Writing for the Acts 8 Moment’s prompt this week, Brendan O’Sullivan-Hale reflected on the already-not yet state of marriage equality in the Episcopal Church.
While the church yet really have universal recognition of same-gender marriage across the church, there is the approved rite of blessing, which, O’Sullivan-Hale argues, has left room for the church to talk to each other, and share experiences, and grow towards change.
He describes his experience of having his union with his partner blessed in his local parish, which he found to be a wonderful, Spirit-filled experience, comparing it to the woman in Mark’s gospel, who is healed from hemorrhages when she touches the hem of Jesus’ garment.
He writes:
That’s how it will be with many of us for now. If the church decides in 2015 or 2018 that it’s ready to declare marriage between members of the same sex a sacrament – great. I hope we do so and I will do my part to make that happen. But this “official” sacrament of marriage is one that I will never receive, because it is already mine. Last October Frank and I touched Jesus’s cloak and claimed our blessing.
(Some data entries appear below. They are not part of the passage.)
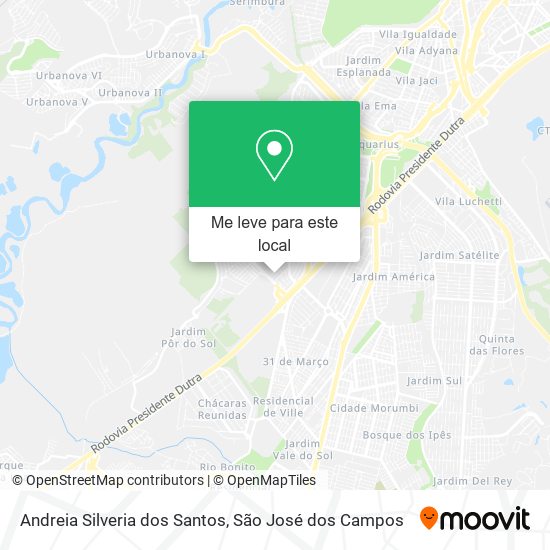 Andreia Silveria dos Santos mapa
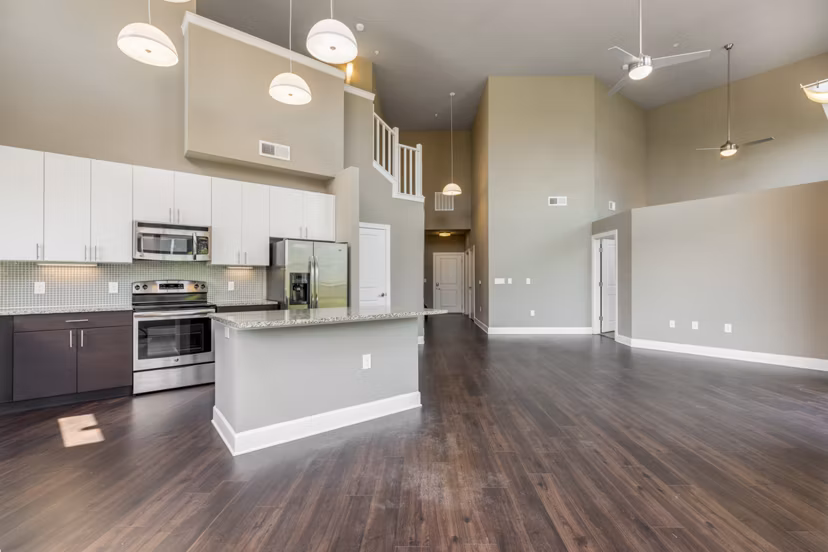 kitchen at Loft One35 Apartments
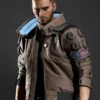 Cyberpunk Edgerunners Samurai Bomber Brown Jacket (6)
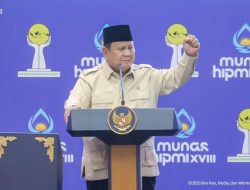 Prabowo Di Dampingi Gubernur Lampung Hadiri Pembukaan Munas HIPMI XVII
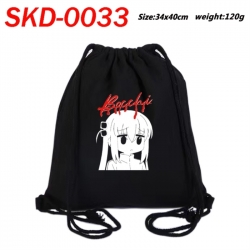 BOCCHI THE ROCK! Anime themed Canvas Drawstring Backpack Tote Bag 34x40cm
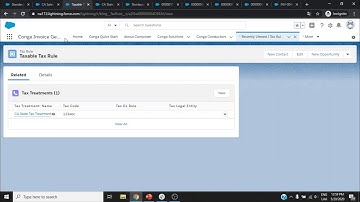 Salesforce Billing Tax Calculation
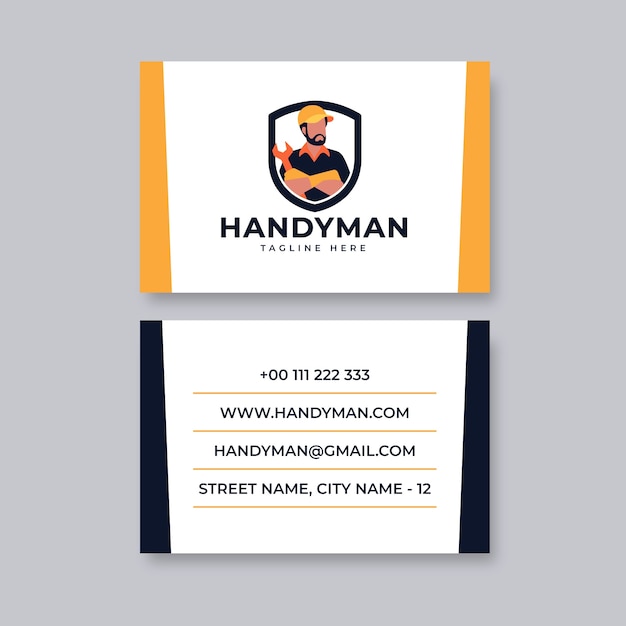 Professional handyman company business card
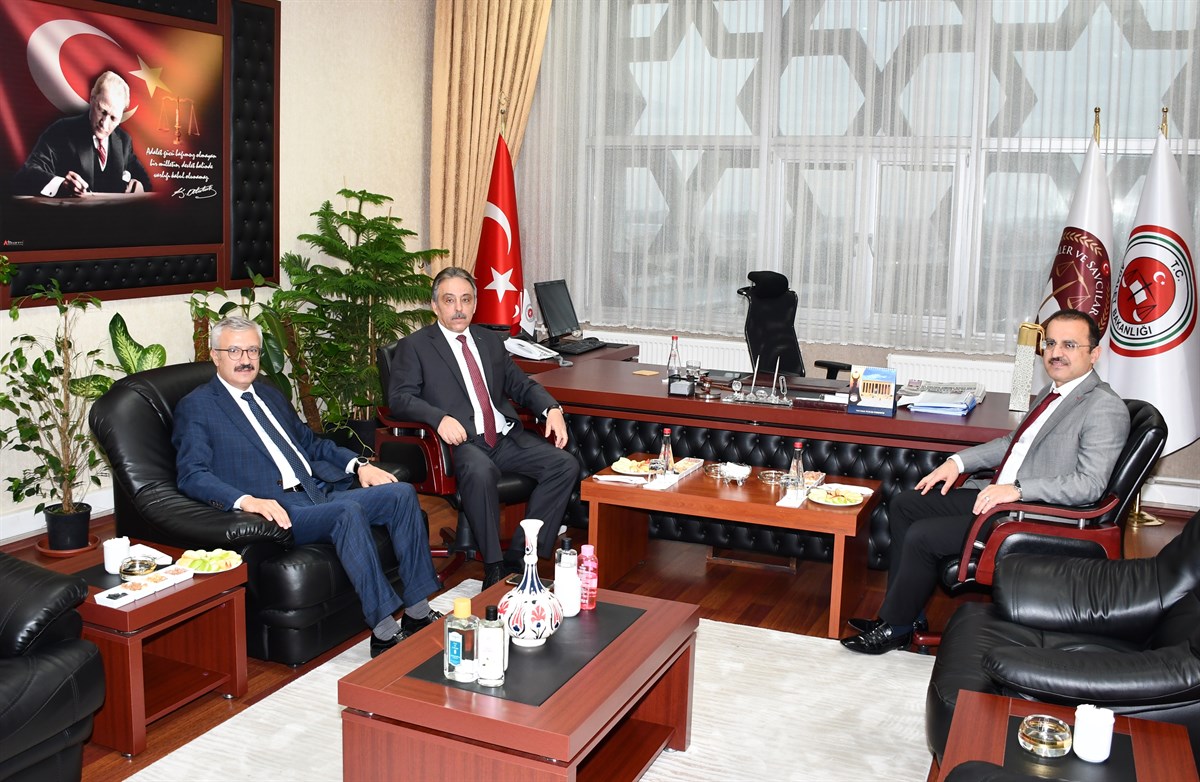 Sayın Valimiz, Adli Yargı ve Adalet Komisyonu Başkanını Ziyaret Etti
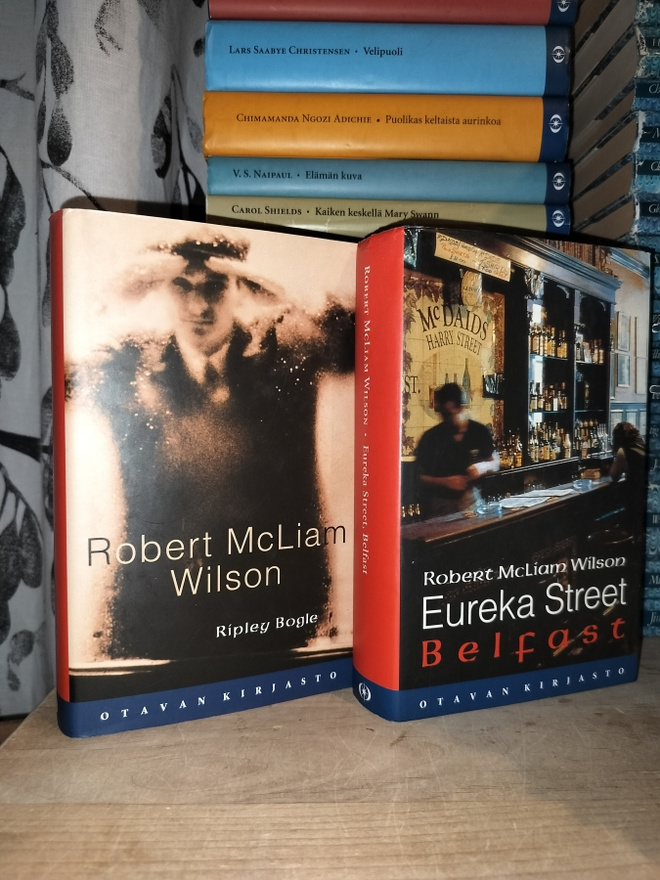 Robert McLiam Wilson x2 Ripley Bogle & Eureka Street Belfast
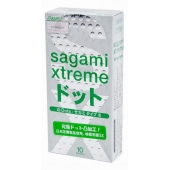 Презервативы Sagami Xtreme Type-E с точками - 10 шт. - Sagami - купить с доставкой в Тюмени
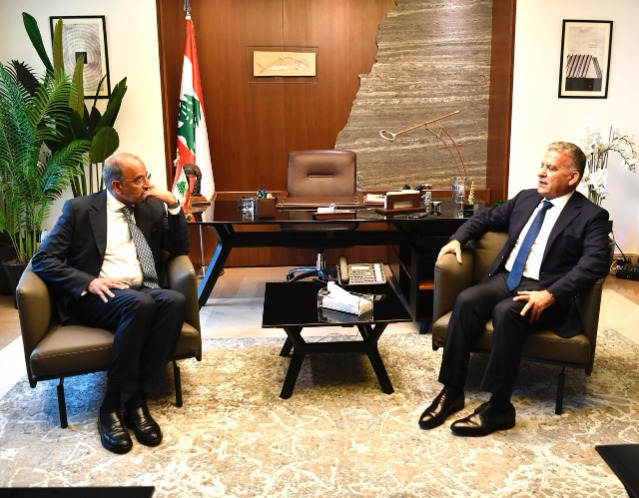 اللواء ابراهيم يجتمع مع ريزا: مخاوف مشتركة من التصعيد المتواصل في جنوب لبنان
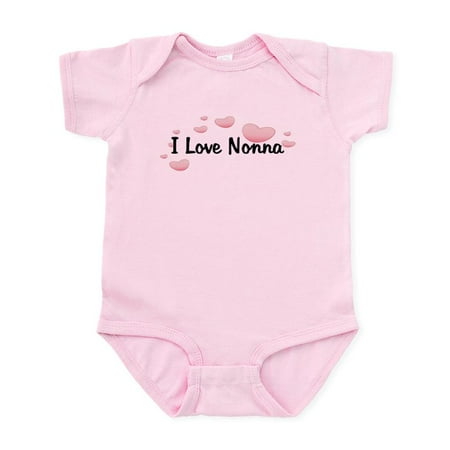 

CafePress - Love Nonna Pink Hearts Baby/Toddler Bodysuits - Baby Light Bodysuit Size Newborn - 24 Months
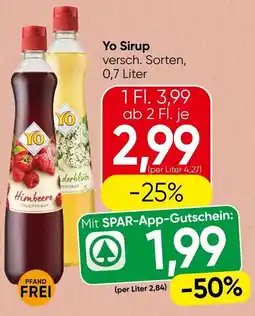 Spar Yo Sirup Angebot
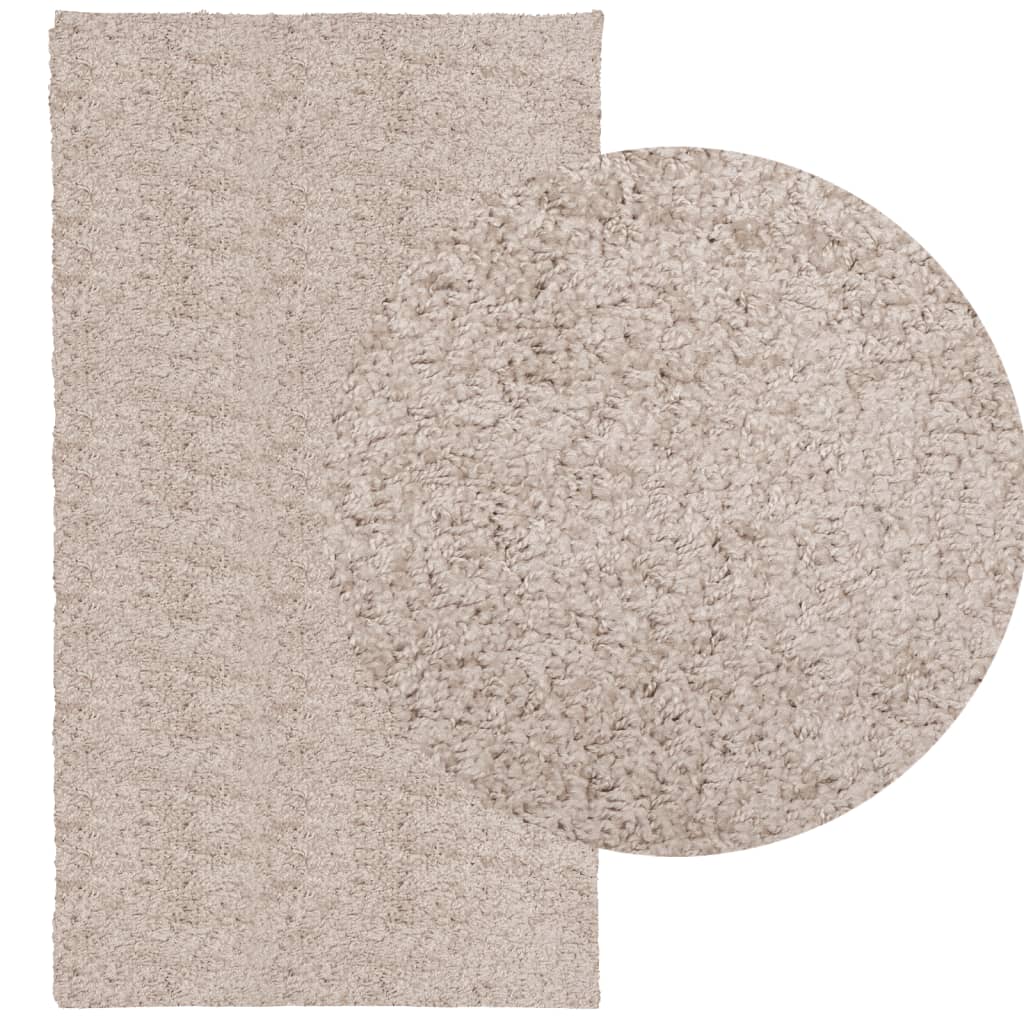 Vidaxl tapis Pampelune Shaggy hautement moderne 60x110 cm beige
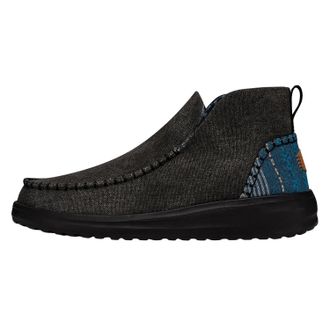 HeyDude Hey Dude Womens Denny Heavy Canvas Fashion Boot, Black, 6.5 UK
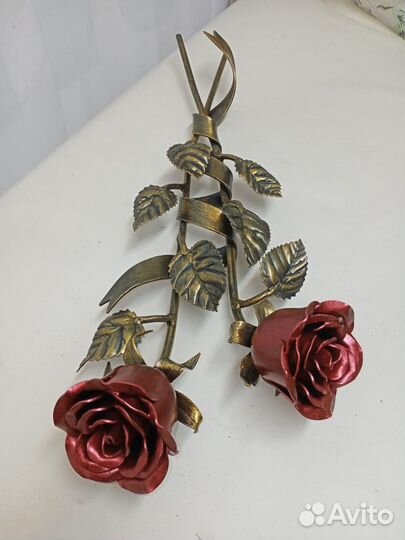 Кованые изделия. Розы. Вазы. Подсвечники. Сувениры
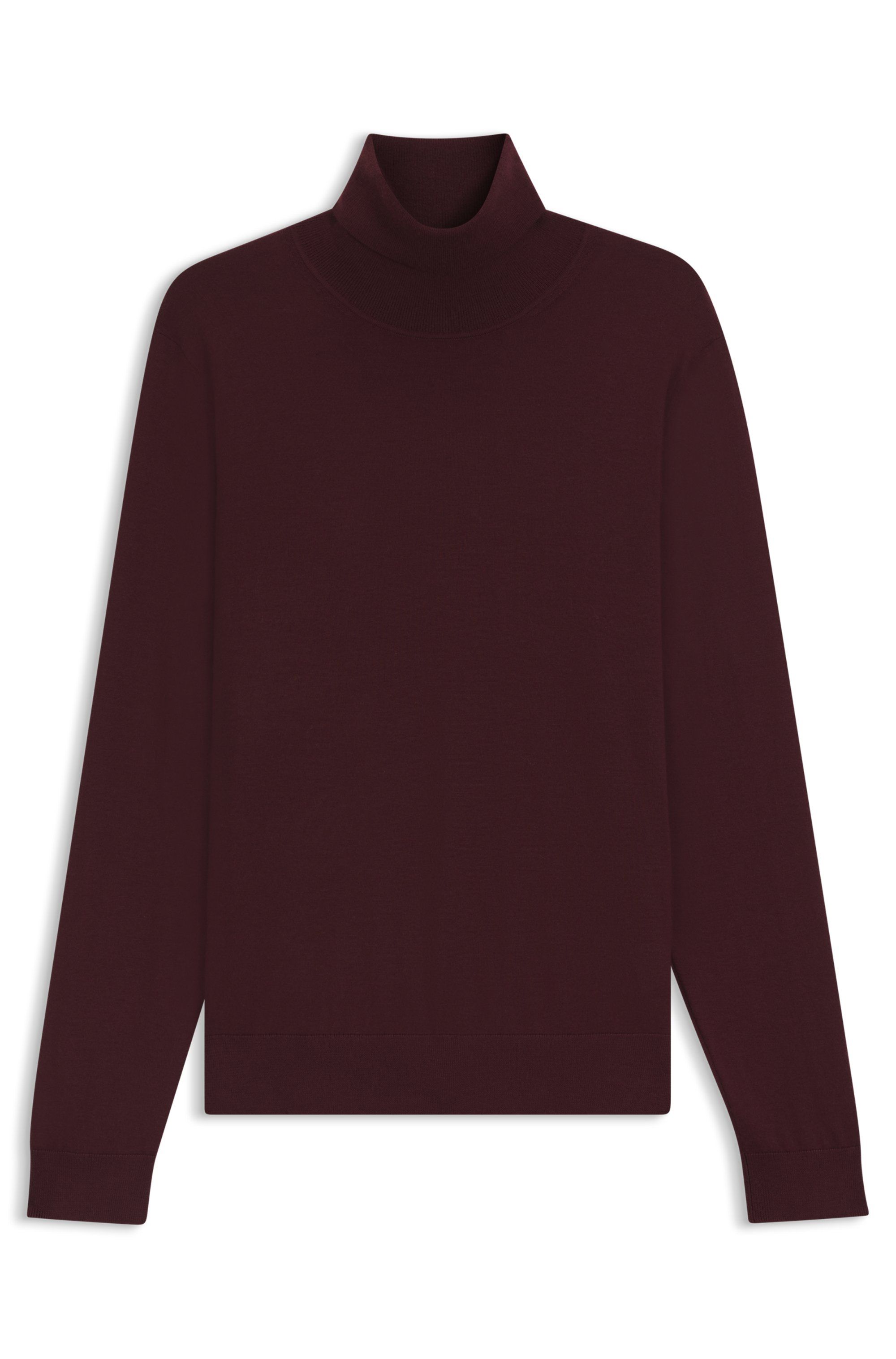 Kašmírový rolákový svetr BECKHAM x BOSS - Dark Red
There’s nothing second rate about the sacrament we received – even if for the moment the Spirit demands we officially call it something different.
Read the whole thing, or head here, and read the other responses to the Acts 8 prompt.





What is Holy Matrimony?
Holy Matrimony is Christian marriage, in which the woman and man enter into a life-long union, make their vows before God and the Church, and receive the grace and blessing of God to help them fulfill their vows.
That’s what the Book of Common Prayer says under “Other Sacramental Rites.” It never quite says marriage is a sacrament and it certainly doesn’t say the marriage of two men or two women is a sacrament.
This raises the question of whether any marriage is a sacrament — the outward and visible sign of inward and spiritual grace. A few seem to be. Most don’t and over half are far less than life-long. I would suggest this is the case whether it is blessed in a church or not.
Is any marriage a sacrament? Or should we interpret all of them as simply a covenant or contract between two people over which saying a few prayers is a nice, but unnecessary, touch?